2021年おすすめ新譜アルバムVol. 93: Terrace Martin「DRONES」
新譜アルバム紹介Vol. 93です。
今回紹介するのは、西海岸のプロデューサーのTerrace Martinがリリースした「DRONES」です。
Terrace Martinは西海岸出身のプロデューサーです。
00年代前半に登場。Snoop Doggのライブバンドのメンバーとして活動し、プロデューサーとしても213などSnoop Dogg周辺の作品を中心に手掛けていきます。07年にはソロでのミックステープ「Signal Flow」を発表。その後も10年のEP「808s & Sax Breaks」やMursと組んだ11年の「Melrose」など精力的に作品をリリース。13年にはアルバム「3ChordFold」が高い評価を集め、プロデューサーとしてもKendrick LamarやYGなどの作品に参加し人気を拡大していきます。以降も16年の「Velvet Portraits」などソロ作品も多くリリースしているほか、Dinner PartyやR+R=Nowなどのグループでも活動しています。
DJ QuikやBattlecatなどのGファンクをベースに、ジャズ色を強めたようなメロウでレイドバックした作風を聴かせるプロデューサーです。サックスやヴォコーダーといった楽器も西海岸Gマナーでプレイします。また、ラップや歌も聴かせますが、そちらも西海岸Gらしいスムースなスタイルです。
今作はヒップホップにもR&Bにもジャズにも聞こえる、Terrace Martinらしいレイドバックしたメロウなサウンドが堪能できる快作に仕上がっています。G好きの方も是非。
2. Drones Feat. James Fauntleroy, Kendrick Lamar, Snoop Dogg & Ty Dolla $ign
DJ Quikが作りそうな軽快なファンク。
メロウなエレピやブリブリのベースが効いた西海岸Gシットです。Kendrick Lamarは歌での参加、Snoop Doggは喋りだけという贅沢使いですが、物足りなさは全くない良曲に仕上がっています。
3. Leave Us Be
Terrace Martinが自らヴォーカルを披露する歌モノ。
クールなエレピやファンキーに跳ねるベースにウェッサイが香ります。スムースな歌も心地良いです。
BattlecatタイプのGファンク。
ブリブリのベースや例の高音シンセを巧みに用いた、これぞ西海岸Gな味わいの曲です。ヴォコーダーにも悶絶必至。

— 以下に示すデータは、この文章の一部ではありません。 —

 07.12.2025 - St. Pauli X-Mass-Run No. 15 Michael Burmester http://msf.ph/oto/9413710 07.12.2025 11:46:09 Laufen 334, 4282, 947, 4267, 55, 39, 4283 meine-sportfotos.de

9. Griots of the Crenshaw District Feat. Hit-Boy, Kamasi Washington & Robert Glasper
Hit-Boyとの共作によるヒップホップ色強めなジャズ。
無骨なドラムやストリングスにHit-Boyのカラーが出ています。名ミュージシャンたちの生演奏も抜群。やっていることはジャズですが、ヒップホップが好きな方もすんなりと聴けると思います。
10. Evil Eyes Feat. MALAYA & YG
MALAYAを主役に据えたウェッサイ流ネオソウル。
生音を活かしたとろけるようなメロウネスがたまらない好曲です。例の高音シンセも飛び出します。YGのラップは哀愁仕様。
12. Don't Let Go
インタールード的な短い曲。
不穏なシンセを最小限に鳴らしつつ、ヴォコーダーをしっとりと聴かせる曲です。シンプルで絶妙なバランス。
13. Listen Feat. James Fauntleroy, Kim Burrell & Robert Glasper
G好きの方が好むクリスチャンラップに通じる神々しいメロウ。
シンガー二人の歌とTerrace Martinのヴォコーダーの絡みには、オヤGの方もソファに泣き崩れると思います。Robert Glasperの美しいピアノも沁みる良さ。